HyperAI
3 days ago

LAPO: Internalizing Reasoning Efficiency via Length-Adaptive Policy Optimization

Xingyu Wu; Yuchen Yan; Shangke Lyu; Linjuan Wu; Yiwen Qiu; Yongliang Shen; Weiming Lu; Jian Shao; Jun Xiao; Yueting Zhuang
LAPO: Internalizing Reasoning Efficiency via Length-Adaptive Policy Optimization
Abstract

Large reasoning models have achieved remarkable performance through extended chain-of-thought sequences, yet this computational freedom leads to excessive token generation even for simple problems. We present Length-Adaptive Policy Optimization (LAPO), a novel framework that transforms reasoning length control from an external constraint into an intrinsic model capability. Unlike existing approaches that impose rigid limits or rely on post-hoc interventions, LAPO enables models to internalize an understanding of appropriate reasoning depth through a two-stage reinforcement learning process.

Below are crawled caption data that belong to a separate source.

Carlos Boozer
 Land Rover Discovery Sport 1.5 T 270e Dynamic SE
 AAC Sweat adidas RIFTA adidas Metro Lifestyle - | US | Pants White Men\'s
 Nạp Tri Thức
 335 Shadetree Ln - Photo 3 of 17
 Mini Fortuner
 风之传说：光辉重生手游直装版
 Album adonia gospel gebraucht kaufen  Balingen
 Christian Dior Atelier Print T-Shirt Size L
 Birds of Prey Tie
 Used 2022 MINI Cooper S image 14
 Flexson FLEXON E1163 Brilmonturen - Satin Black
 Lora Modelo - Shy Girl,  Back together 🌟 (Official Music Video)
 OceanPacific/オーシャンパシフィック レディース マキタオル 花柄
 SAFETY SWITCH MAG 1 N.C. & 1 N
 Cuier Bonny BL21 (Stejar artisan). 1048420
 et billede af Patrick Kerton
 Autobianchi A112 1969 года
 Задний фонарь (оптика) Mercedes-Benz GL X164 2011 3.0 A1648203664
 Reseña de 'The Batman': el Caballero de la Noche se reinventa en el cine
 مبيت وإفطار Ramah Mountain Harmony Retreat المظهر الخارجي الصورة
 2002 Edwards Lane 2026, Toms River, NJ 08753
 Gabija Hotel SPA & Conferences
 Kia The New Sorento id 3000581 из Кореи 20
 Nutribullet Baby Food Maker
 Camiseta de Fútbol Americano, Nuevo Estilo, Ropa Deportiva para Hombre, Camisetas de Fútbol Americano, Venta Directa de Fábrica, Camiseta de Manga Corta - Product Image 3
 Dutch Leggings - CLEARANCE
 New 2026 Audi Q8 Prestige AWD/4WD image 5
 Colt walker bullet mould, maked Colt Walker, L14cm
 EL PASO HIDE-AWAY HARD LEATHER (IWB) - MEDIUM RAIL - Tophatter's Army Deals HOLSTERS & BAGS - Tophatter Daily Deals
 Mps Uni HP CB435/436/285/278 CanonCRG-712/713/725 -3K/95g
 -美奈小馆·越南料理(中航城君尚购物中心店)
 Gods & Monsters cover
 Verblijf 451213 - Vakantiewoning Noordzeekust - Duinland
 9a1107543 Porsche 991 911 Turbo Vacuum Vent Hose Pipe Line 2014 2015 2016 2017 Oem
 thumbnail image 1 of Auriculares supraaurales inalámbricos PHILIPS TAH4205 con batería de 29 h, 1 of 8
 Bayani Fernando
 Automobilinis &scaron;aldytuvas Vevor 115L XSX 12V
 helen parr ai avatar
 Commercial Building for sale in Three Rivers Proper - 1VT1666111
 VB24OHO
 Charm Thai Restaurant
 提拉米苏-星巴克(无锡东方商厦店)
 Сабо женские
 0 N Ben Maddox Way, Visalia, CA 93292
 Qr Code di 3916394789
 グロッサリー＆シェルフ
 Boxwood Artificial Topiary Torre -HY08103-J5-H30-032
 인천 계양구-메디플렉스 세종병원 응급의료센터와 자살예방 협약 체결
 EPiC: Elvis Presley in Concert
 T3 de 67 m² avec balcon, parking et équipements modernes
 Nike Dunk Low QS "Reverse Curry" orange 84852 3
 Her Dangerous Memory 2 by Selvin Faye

In the first stage, models learn natural reasoning patterns by discovering the statistical distribution of successful solution lengths. The second stage leverages these patterns as meta-cognitive guidance, embedding them directly within the model's reasoning context to ensure inference-time flexibility. Experiments on mathematical reasoning benchmarks demonstrate that LAPO reduces token usage by up to 40.9\% while improving accuracy by 2.3\%. Our analysis reveals that models trained with LAPO develop emergent abilities to allocate computational resources based on problem complexity, achieving efficient reasoning without sacrificing quality.